Peter Merrifeld (Plaintiff) was an employee of the RCMP (Defendant) for 7 years before attending a nomination meeting for the Progressive Conservative Party in 2005. He claims that after this meeting took place, he suffered losses with respect to his reputation and career advancement, in addition to suffering emotional distress and mental suffering, all caused by his superiors in the RCMP. He claims that the losses were a direct result of his intention to run for political office.
After lengthy and complex litigation, Mr. Merrifeld was awarded $100,000 in general damages as a result of his emotional distress and mental suffering, as well as $41,000 in special damages for income loss. The Court determined that the Defendant’s conduct resulted in Mr. Merrifeld’s promotions being delayed.

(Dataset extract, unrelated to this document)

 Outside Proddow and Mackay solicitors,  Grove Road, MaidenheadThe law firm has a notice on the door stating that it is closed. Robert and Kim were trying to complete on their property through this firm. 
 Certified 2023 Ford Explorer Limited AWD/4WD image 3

What makes this case interesting is how the Court determined the award for the tort of harassment: Mr. Merrifeld’s employment was governed by statute, not by contract. As the Court found there could be no breach of contract, relief by way of aggravated damages was not an available remedy. This is likely why the Judge chose to analyze the Plaintiff’s claim for harassment – there were serious issues with the Defendant’s conduct that had to be addressed and penalized.
The question now becomes: when will Courts in BC recognize the tort of harassment upon which a civil action can be based? If there is a claim of harassment by an employee governed by statute, will this decision from Ontario lay the framework for similar outcomes in the Courts of British Columbia?